I spent the past six years having babies. Granted, there were short breaks interspersed in there, but I spent most of my time focused on pregnancy, infants and nursing. Not exactly an ideal time to start buying up a bunch of clothes, what with my weight bouncing up and down 40 pounds every other year. With the arrival of our third son last summer, I took a baby break and looked around my much-neglected closet.
As I was sorting through my long-lost wardrobe, I realized how much I hated some of my clothes. Between the clearance finds and the outdated duds, I was long overdue for a serious overhaul, but it felt needlessly indulgent to donate half my closet to charity. After months of chronic indecision, I finally got fed up enough to do it. I gave away over half of my clothes.
We are so conditioned to hang onto stuff in our materialistic culture. In our society that glorifies quantity over quality, it's a point of pride how much stuff we amass. We fill our homes with things that, in the end, make us miserable. All those possessions require care, maintenance, and space, and yet so many of us give in to the compulsion to buy.

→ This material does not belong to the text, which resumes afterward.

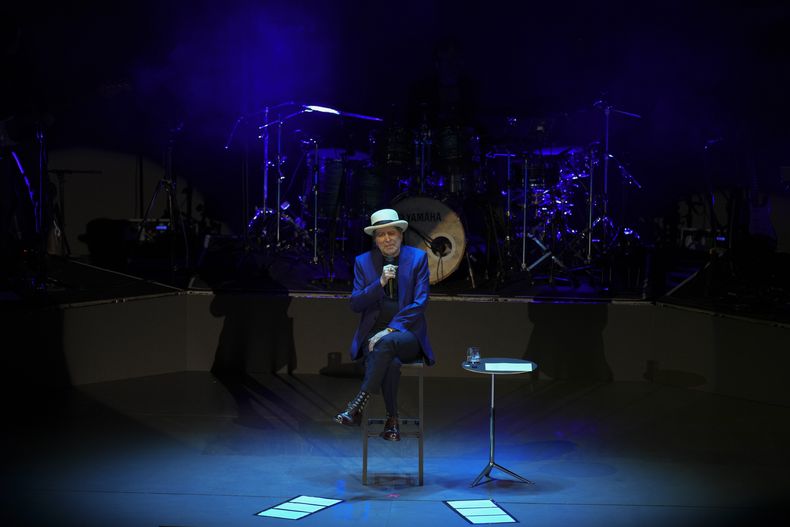 El cantante español Joaquín Sabina se presenta en concierto en la Ciudad de México, el lunes 27 de enero de 2025. (Foto AP/Eduardo Verdugo)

Clothes are an especially sticky situation. As I looked over the clothes I accumulated, I realized how bad I felt in many of my outfits. In an effort to fill up my closet, I had clothes that made me feel awful about my body and even more clothes that didn't suit my personal style. If you looked in my closet a year ago, there was no sense of who I am as a person.
Following the crowd
I asked myself the difficult question, who am I dressing for? How much influence do magazines, media and friends have over our clothing selections, both for ourselves and families? When faced with a decision, I chose to curate my closet based on what made me feel good about myself, not what someone else told me to wear.
Really, clothing does have a powerful influence on our sense of self. In an ideal world, we would see people for their intellect, intelligence and unique contributions to society, but instead we live in a world where appearance matters. Like it or not, people judge us on our clothing choices, for better or worse. We can either use our clothing to present ourselves in the best light possible or we can hide ourselves under layers of someone else's expectation.
After getting rid of half my clothes, I put more thought into my purchases. When we go shopping, what are our motivating factors? Price? Style? Comfort? I started evaluating my purchases based on how they made me feel. Clothes that make me feel confident get a pass while those that leave me feeling like an imposter stay on the rack. Using this staunch new set of criteria, I buy fewer clothes, but I also wear everything in my closet regularly.
There's more to life than filling our homes full of stuff we don't need. Freeing ourselves up from the clutter is an empowering experience. The most interesting part of giving away half my closet was that I didn't miss anything afterwards. In fact, I can't even remember now what I gave up. Turns out, all that stuff wasn't that important.
Give away half your closet. You won't regret it. There's beauty in simplicity, and there's freedom in only buying the things that make you happy. In the end, it's not about who had more as much as who lived best. Live best with less stuff.